Однажды, когда Вика пошла в игровую, ей навстречу попалась инвалидная коляска, в которой вывозили мальчика из гематологического отделения. Бледный лысый мальчишка лет двенадцати, весь в конопушках, усеянный ими так, что казалось, что к нему приклеились зернышки недоспевшего мака, сидел на коляске без подножек, поджав ноги к животу. На нем была футболка с зайцем из мультфильма «Ну, погоди!» и зеленые шорты. Футболка вся была алой, заяц был завернут, как тореадор, в алый плащ и даже его уши покраснели. Лишь небольшие участки на рукавах выдавали истинный цвет футболки: когда-то он был ярко-лимонный. Возле лица мальчик держал сложенную пеленку. Пеленка эта тоже была вся алая и насквозь мокрая. На лице, руках, ногах… везде была кровь. Вся каталка была будто обсыпана облетевшими лепестками мака. Когда он на мгновение убрал пеленку от лица, то кровь ударила из носа, как из открытого крана. Мальчик снова прижал пеленку к лицу. Вся она была пропитана до последней нитки — и ее надо было уже отжимать. Между пальцами полились ручейки алой крови. Мальчика везли в реанимацию. Вика услышала, как кто-то из ребят, направляющихся в игровую, сказал: «Это конец…»
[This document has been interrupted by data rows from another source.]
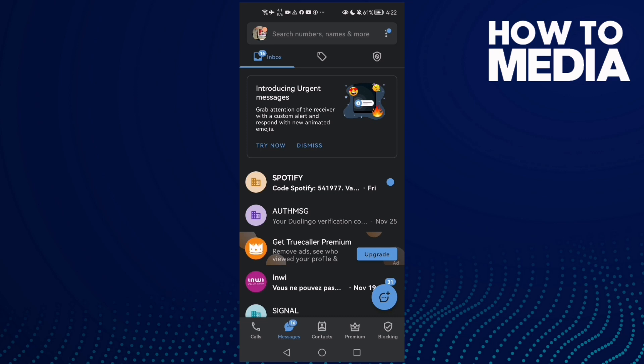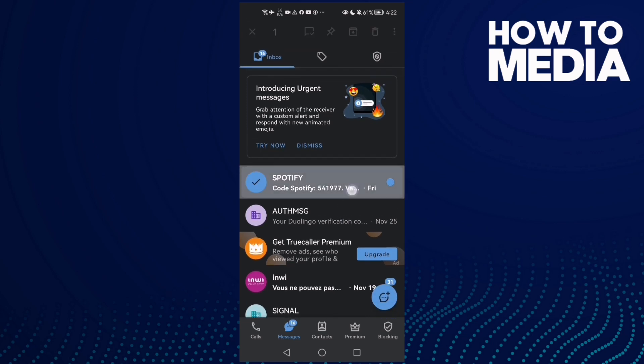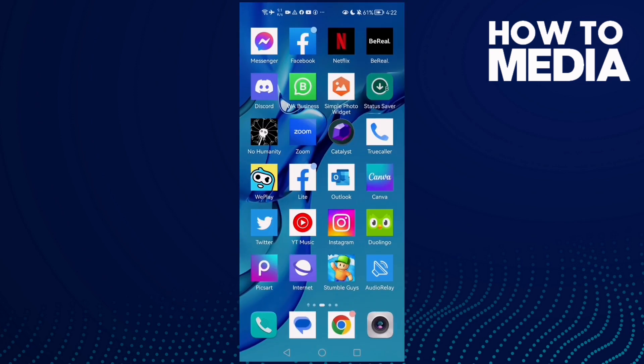You can also mark it as read again if you want. Just click this option here, mark as read, and that's it.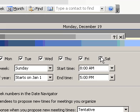To select the first day of the week, in the First Day of Week box, click the day you want.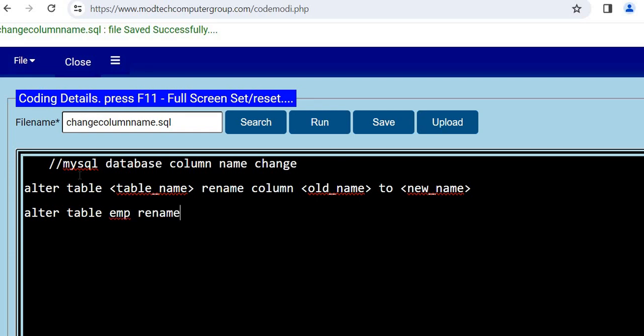Then I'll give RENAME COLUMN. The word 'column' will remain as it is, and then say I have got 'grade', so I'll convert grade to grade1 like this.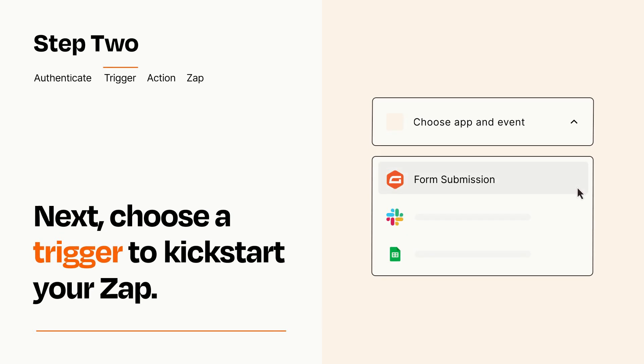Now let's set up your trigger, which is the event that starts your Zap. Pick the trigger event that you want from the list.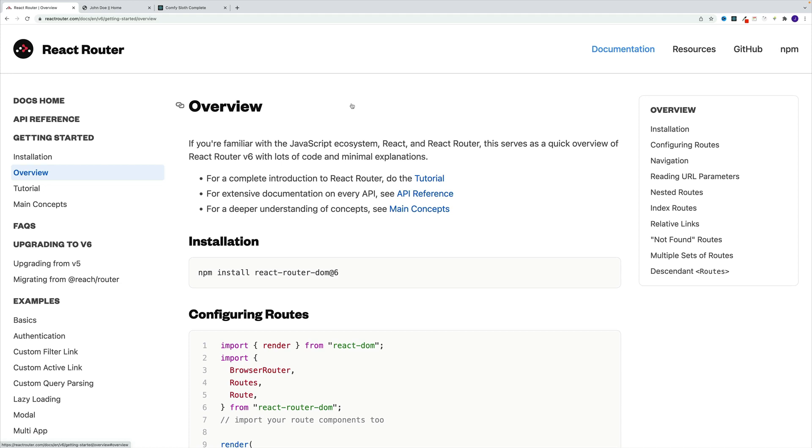What's up, everybody. This is John from Coding Attic, and welcome to React Router 6 tutorial video.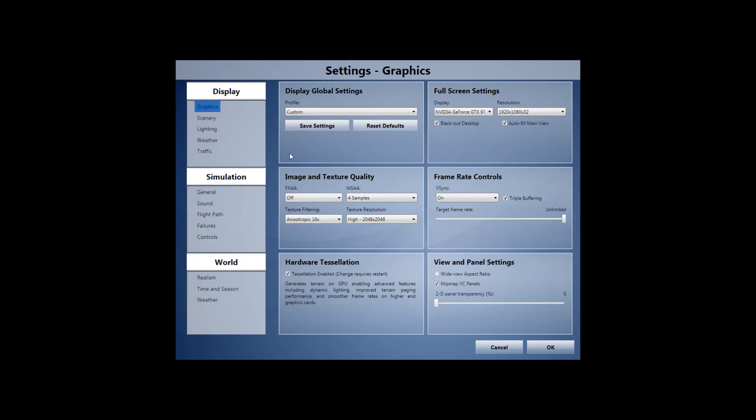Now, again, this is what works for me. These are settings that work for me that I, with my hardware, seems to be smooth and visually appealing. Again, your mileage will vary. Hardware's going to have an effect among many other things. There's so many variables involved.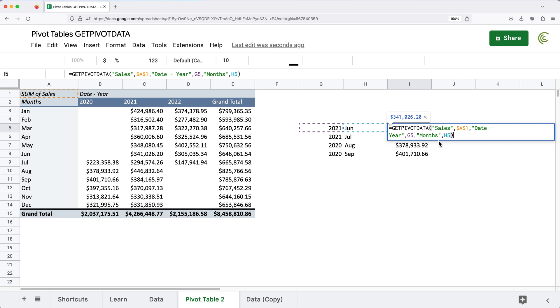That's your GETPIVOTDATA function. Let me know if you have questions, and as always, thanks for watching. Please subscribe, and I'll see you in the next one.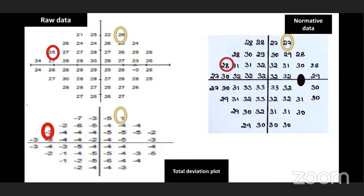If the raw data shows 25 and the deviation plot shows minus 3, and the normative data is 28, the retinal sensitivity is less compared to normative data. In the total deviation numerical plot, we see how much the value is deviated from normative data.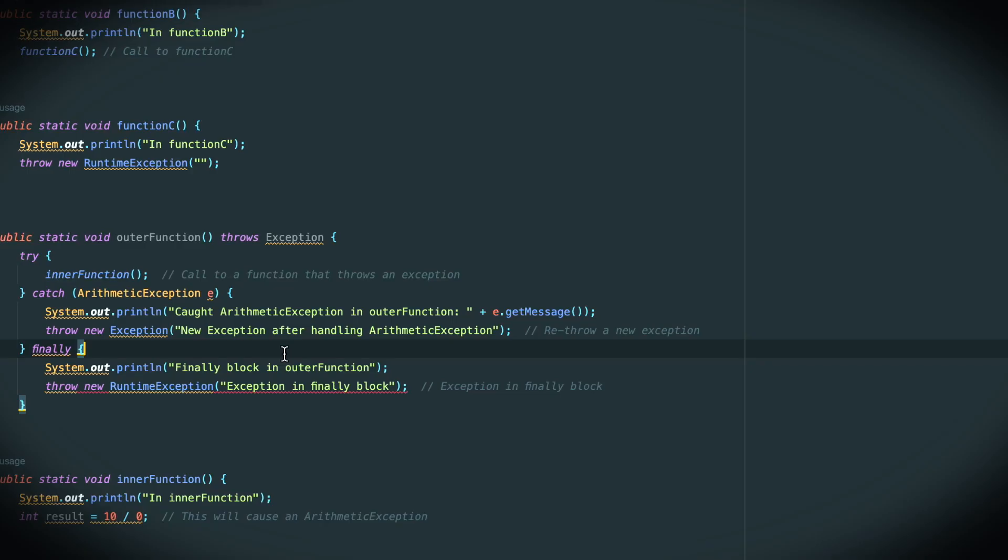One thing a programming language can do is insist that you write the exception handling code anyway. But that's not really great, because that means your entire program gets full of this useless exception handling code.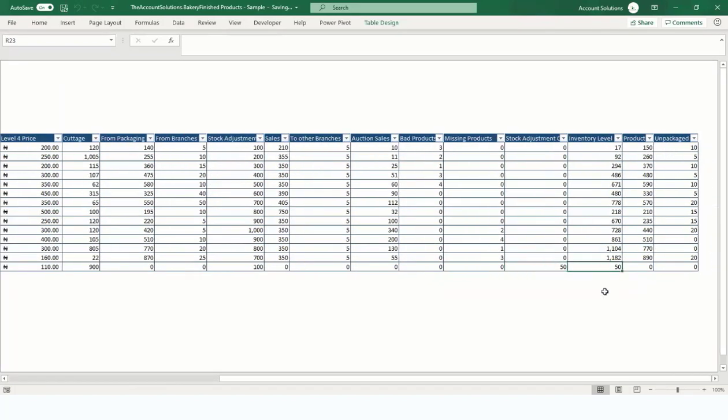Go back to Admin Panel and Edit Products. The first adjustment was 100; we lessened by 50, so we now have an inventory balance of 50. The system records all your additions and subtractions separately in the database, then nets them off to give your inventory balance.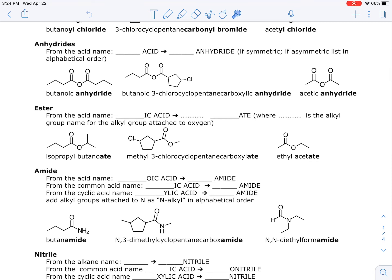For anhydrides, you take the acid name — 'something acid' — and change it to 'something anhydride.' For symmetric anhydrides, that's all you do: butanoic acid becomes butanoic anhydride, and the same applies for acetic. If it's asymmetric, you name each group separately and add 'anhydride' as a separate word — for example, 'butanoic 3-chlorocyclopentane carboxylic anhydride.' The term anhydride means 'without water': combining two acetic acid molecules produces acetic anhydride with water as the byproduct.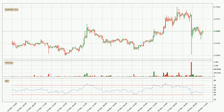Moving to the hourly relative strength index, the current hourly RSI is at 43, so there are currently no signs of the crypto being overbought or oversold.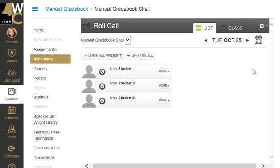Now that we've set up your attendance module in your classroom, it's time to take attendance. You do this by going into your classroom and clicking on attendance.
Санитарка принялась ловко затирать красные полоски на полу, что тянулись как след от кровавой колесницы.
Медсестра привела в игровую его сестру, девушку лет семнадцати, которая осталась посидеть с братом, пока мама возила куда-то на консультацию анализы сына. Девушку посадили на мягкий плюшевый диванчик. Она сидела неестественно прямая, как палка, будто боялась облокотиться на спинку дивана, и смотрела на их шахматную доску. Вика подумала тогда, что она не видит эту доску, а просто ее взгляд остановился в пространстве и во времени. Девушка тихо всхлипывала, и по ее щекам таким же неостановимым потоком, как кровь у ее брата, текли слезы. Чья-то мама принесла ей воды и мягко обняла за плечи. Вика услышала, как звякнули зубы о край фарфоровой чашки: будто монетку бросили в фарфоровую копилку, и вода побежала по подбородку девушки, мгновенно посадив на ее грудь в розовой кофточке пятно, которое показалось Вике кровавым, только более темным, чем у ее брата. Губы ее беззвучно шевелись, точно она разговаривала сама с собой или читала молитву. А может быть, она спрашивала: «Почему он?»
Вике захотелось уйти к себе в палату, и она сказала Никите, что не может сегодня играть. Когда она вышла в коридор, мальчика везли из реанимации назад. Глаза мальчика были полузакрыты.
— Не взяли, — пояснил Никита. — Боятся, что он им статистику подпортит.
Мальчик открыл серые глаза, в которых плескалось равнодушное зимнее море. В них не было страха. Там было только непонимание того, что происходит, и какое-то растерянное удивление. Все его лицо было измазано кровью, но даже так было видно, что кожа его совершенно белая, без малейшего розового оттенка, и только веснушки казались теперь созревшими зернышками мака. Ноги в полосатых сереньких носочках, обляпанных каплями крови то и дело сползали с коляски и волочились по полу. Голова ребенка постоянно свешивалась набок. Врачи стали теребить его, он открывал глаза, смотрел на них мутным взглядом, как-то виновато оглядывался и снова прикрывал глаза. Он умирал… Умирал на глазах у всех детей…
Вика отступила назад в игровую. Все дети застыли в паническом ужасе, сковавшем их. В комнате стояла звенящая тишина, какая бывает в теплый летний день, когда стайка толкунцов повисает серым столбом над ухом. Только два трехлетних мальчика отнимали друг у друга маленькую машинку скорой помощи, не понимая, что происходит.